O przyciągnięciu Latynosów mówi też Fort: – Firmy zainteresowane nawiązaniem kontaktu z latynoskimi konsumentami mogą właśnie znaleźć jedną z najważniejszych okazji ostatnich 20 lat. Wszelkie powiązania z MLS, Miami i samym Messim mogą przynieść ogromne korzyści wszelkiego rodzaju firmom dzięki zwiększonemu zainteresowaniu i obecności w mediach piłki nożnej.
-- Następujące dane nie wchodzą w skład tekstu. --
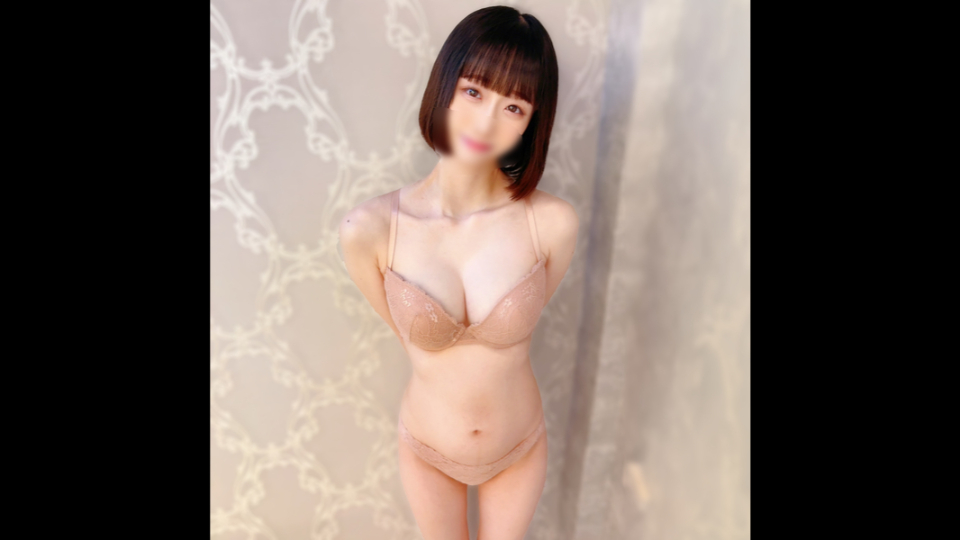 FC2PPV-4444975 *3 days only [F…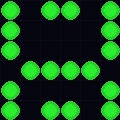 167.253.112.154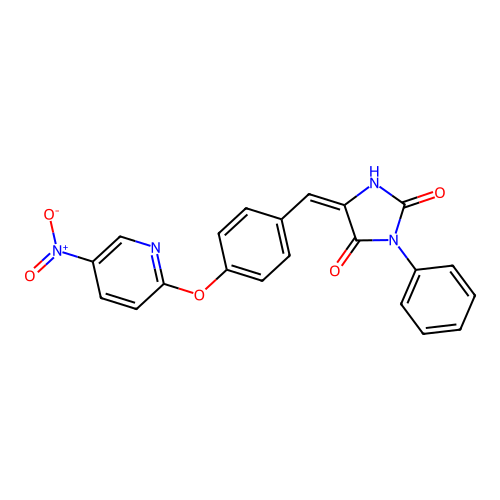 AH-487/41141607 structure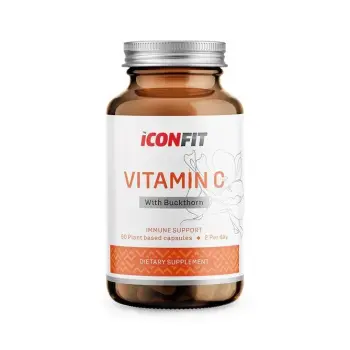 iconfit-vitamin-c.webp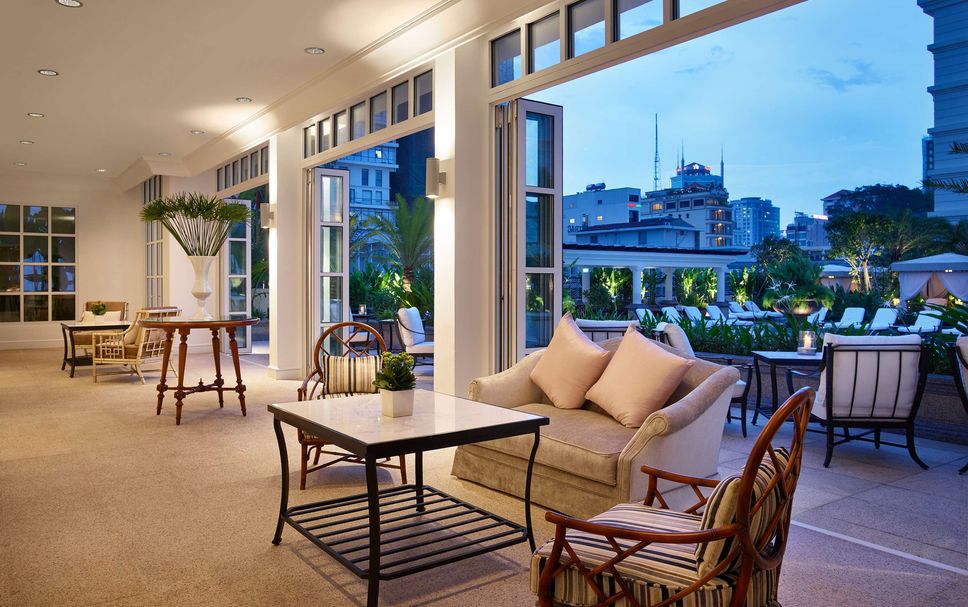 สระว่ายน้ำ รูปภาพ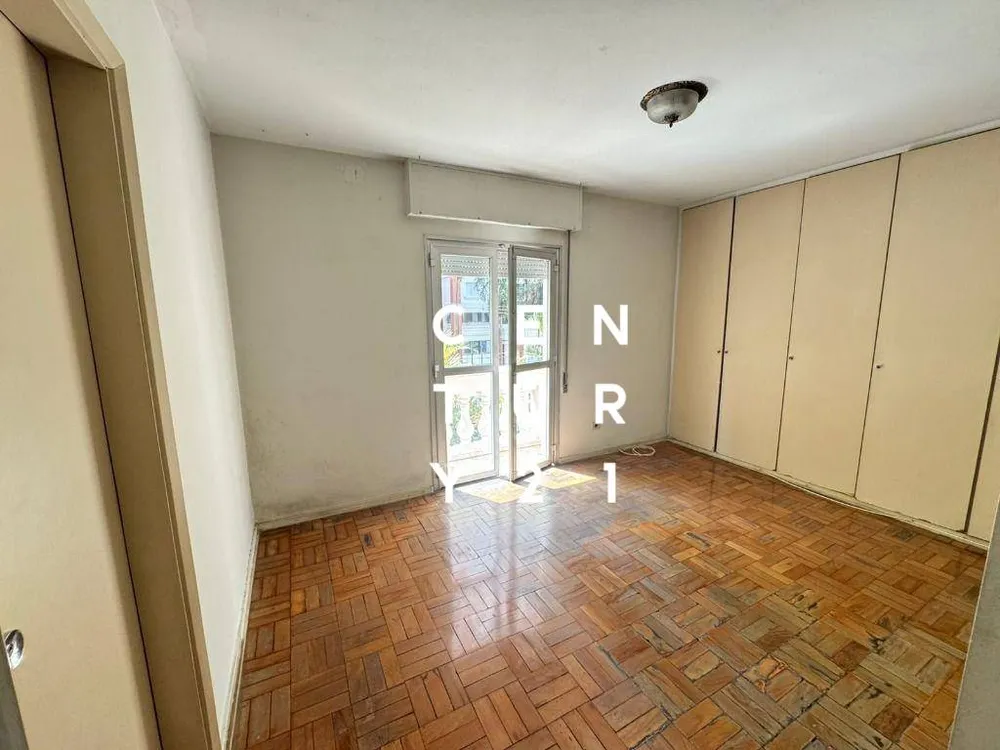 Apartamento, 3 quartos, 110 m² - Foto 6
Pojawienie się Messiego, uruchomienie 30. drużyny MLS w San Diego w 2025 roku i zbliżające się mistrzostwa świata w 2026, sprawiają, że najbliższe kilka lat to świetny czas na inwestowanie w piłkę nożną. 

– Myślę, że Messi podniesie ligę na inny poziom. Myślę, że będzie więcej pieniędzy na pensje. Na tę ligę będą skierowane oczy, których nigdy nie było. Pomyślmy o wszystkich, którzy kochają Messiego, a są to dziesiątki milionów ludzi. Teraz będą oglądać ligę, której najprawdopodobniej nigdy nie oglądali. Zobaczą kraj, którego najprawdopodobniej nie widzieli - mówi w serwisie The Athletic Taylor Twellman, były piłkarz reprezentacji USA, a obecnie komentator meczów MLS. 

Gdyby przepowiednie ekspertów naprawdę się ziściły i Messi zjednoczyłby wszystkich amerykańskich fanów piłkarskich wokół MLS, to drżyj reszto piłkarskiego świata. Dzięki sile amerykańskich firm i gospodarki Stanów Zjednoczonych powstałaby najmocniejsza finansowo liga świata. Wielka Piątka lig europejskich z Hiszpanii, Anglii, Francji, Niemiec i Włoch zyskałaby potężnego konkurenta.